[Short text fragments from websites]
------------

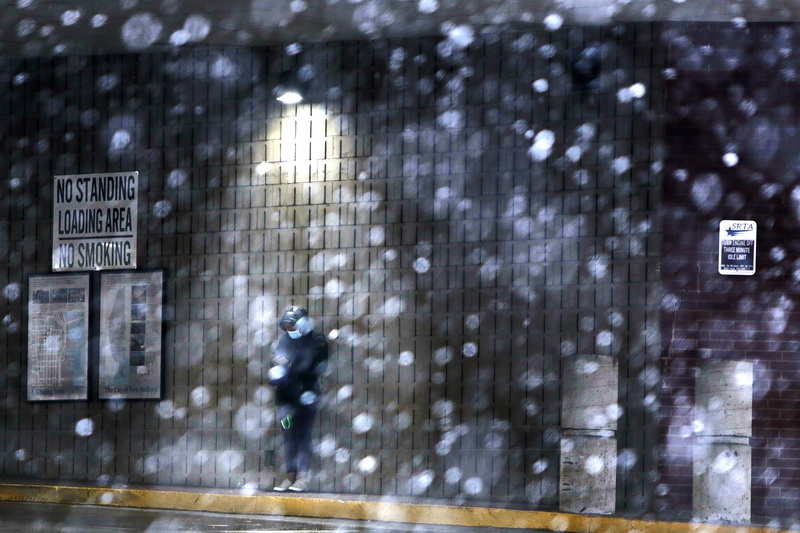 A woman takes shelter from the first snowfall of the season under a light inside the bus terminal in downtown New Bedford, MA. PHOTO PETER PEREIRA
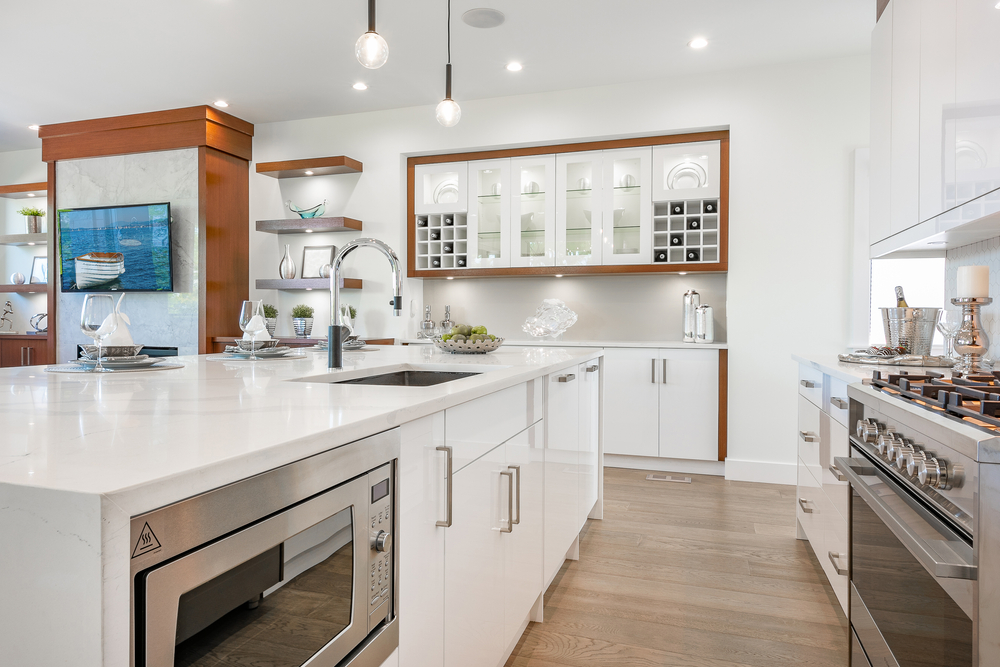 Modern PVC and Wood Modular Kitchen with glossy white and brown cabinets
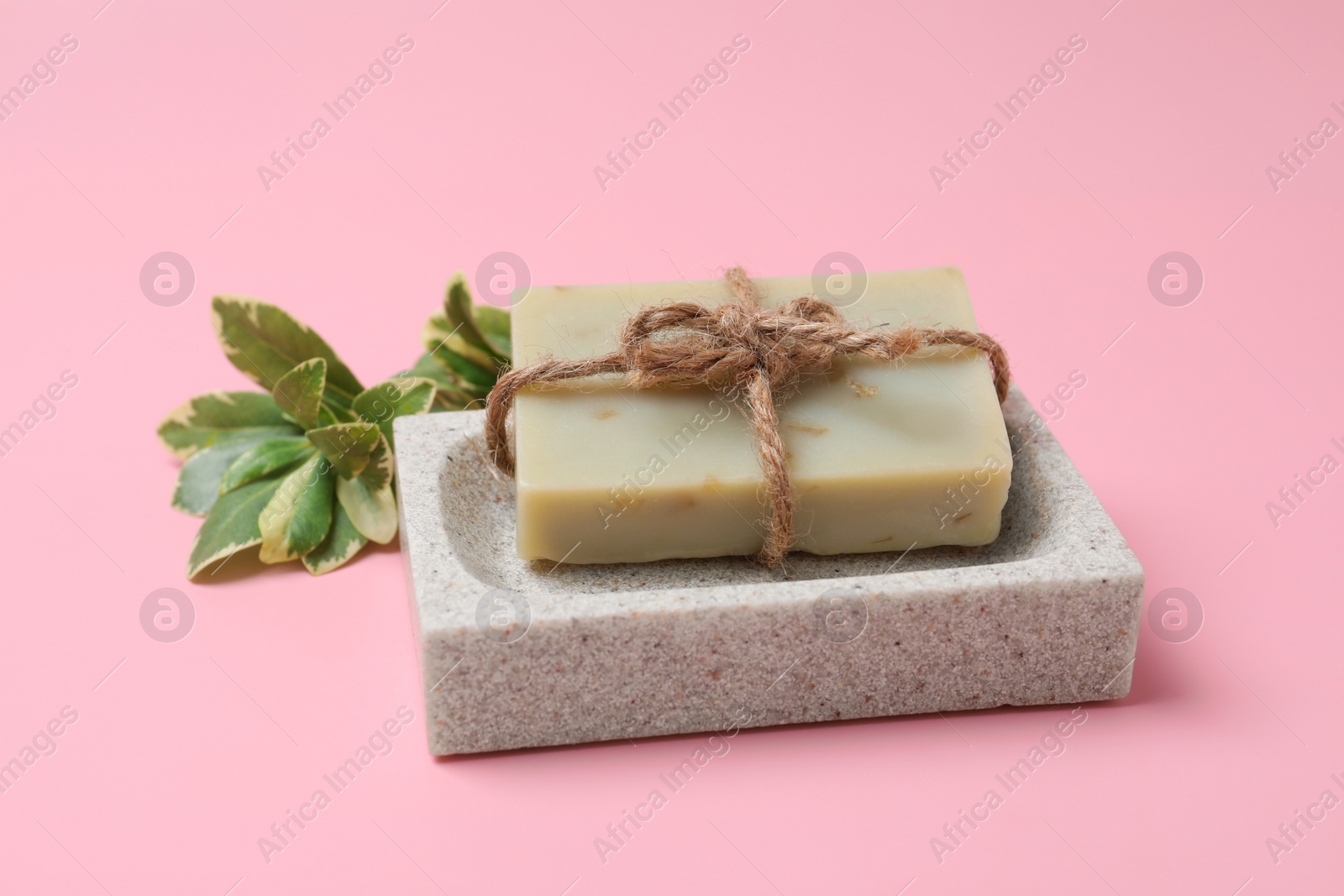 Photo of Dish with soap bar and plant branch on pink background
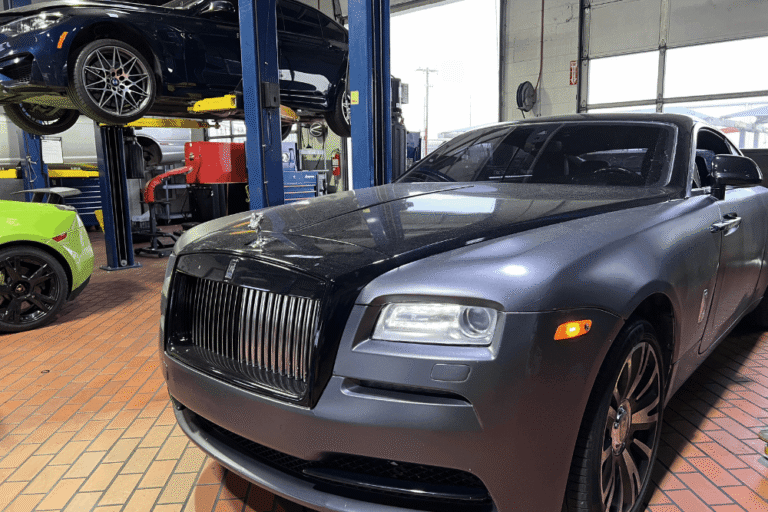 Car A/C issues, European auto repair in Plano, TX, at EurAuto Shop. An image of a Luxury Rolls-Royce inside a European auto repair shop specializing in premium vehicle maintenance and repair, with BMW and Lamborghini vehicles visible in the service bays.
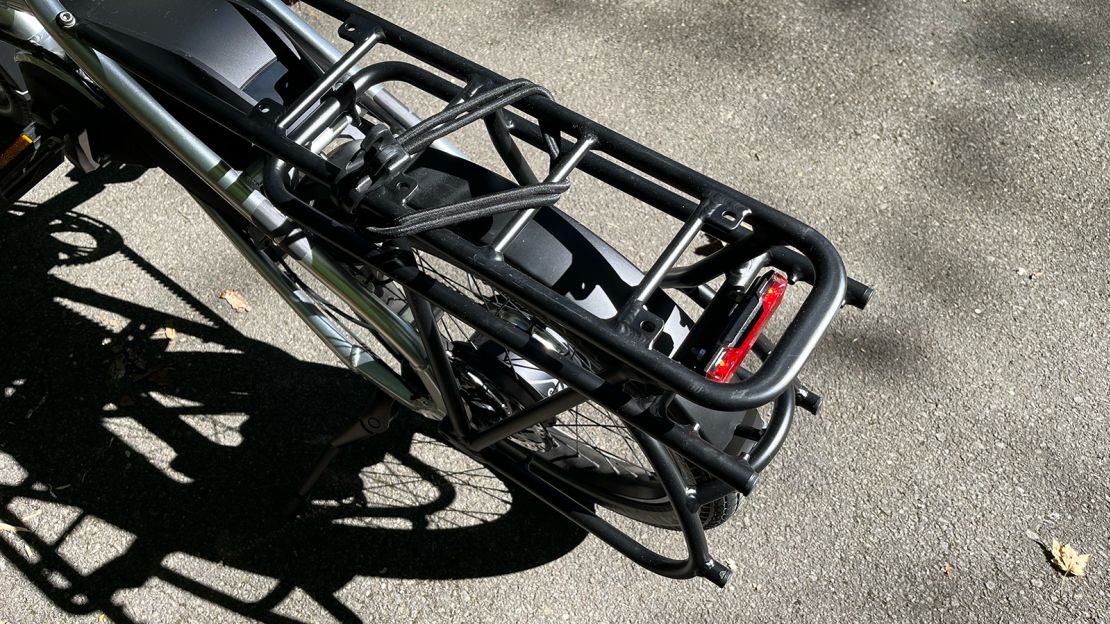 The Tern HSD S+'s rear luggage rack is substantial enough to carry a significant load (up to 132 pounds) and has a two-tiered rail system with plenty of options for attaching bags of various sizes — plus you can stand the bike up on its end for storage courtesy of the rubber-tipped feet towards the rear.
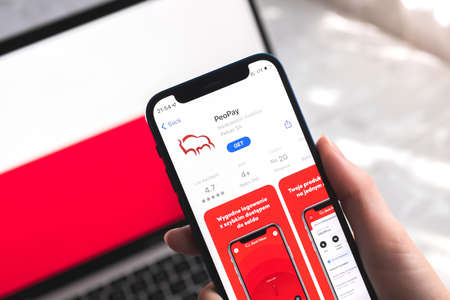 Poltava, Ukraine - April 7, 2022: PeoPay mobile banking app in Poland. Hand with smartphone, on the screen. background with national flag photoのeditorial素材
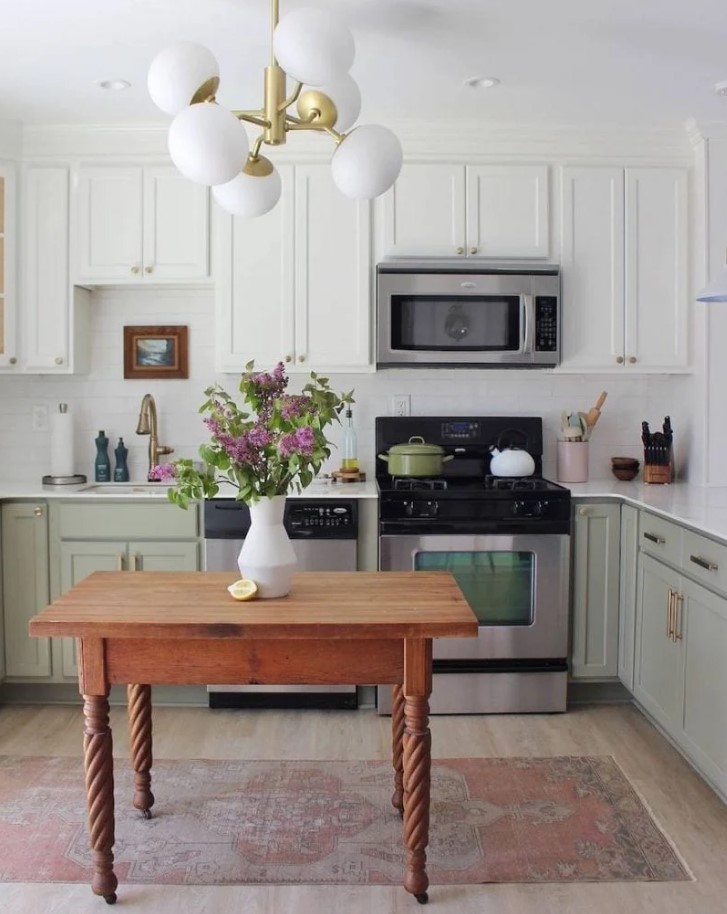 A two tone kitchen with white and sage green cabinets, a white tile backsplash and countertops and a small table as a kitchen island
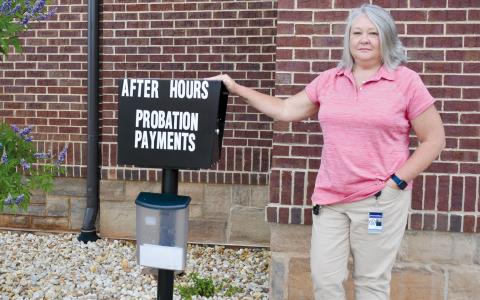 Cornelia Probation Officer Stephanie Smith stands beside the probation fee dropbox outside the Cornelia Municipal Complex. CHAMIAN CRUZ/Staff
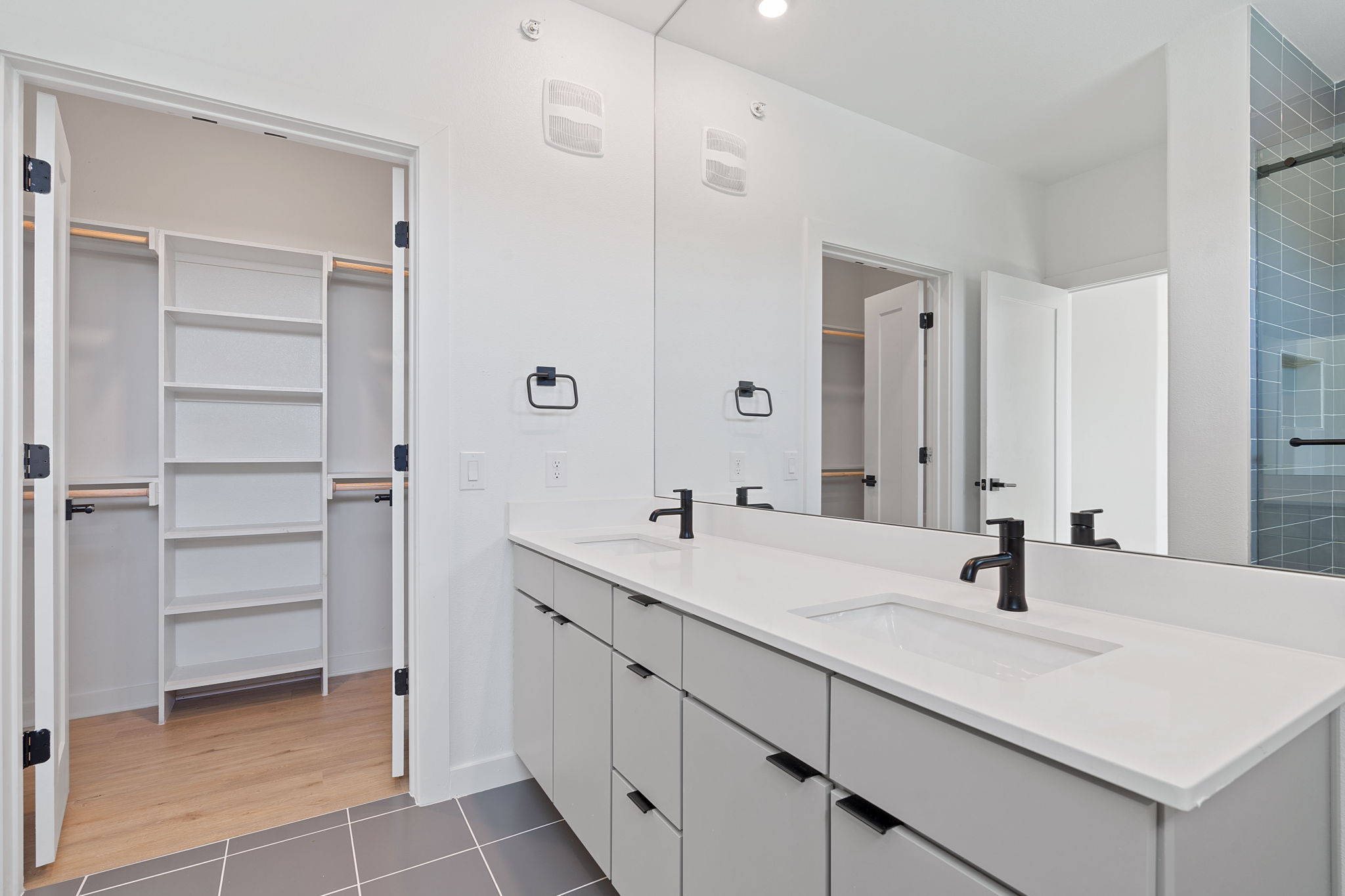 100 West Mockingbird Lane, Unit 307 Austin, TX 78745 - Photo 7 of 23 Full bathroom with double vanity, a spacious closet, tile patterned flooring, and recessed lighting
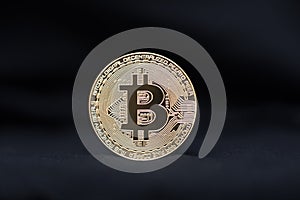 Bitcoin physical coin symbol on black background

------------

PROBLEM TO SOLVE: Repeat exactly the lines from the first line of the records above through the line containing "Photo of Dish", both included. Leave out the pictures.

SOLVED PROBLEM:
 A woman takes shelter from the first snowfall of the season under a light inside the bus terminal in downtown New Bedford, MA. PHOTO PETER PEREIRA
 Modern PVC and Wood Modular Kitchen with glossy white and brown cabinets
 Photo of Dish with soap bar and plant branch on pink background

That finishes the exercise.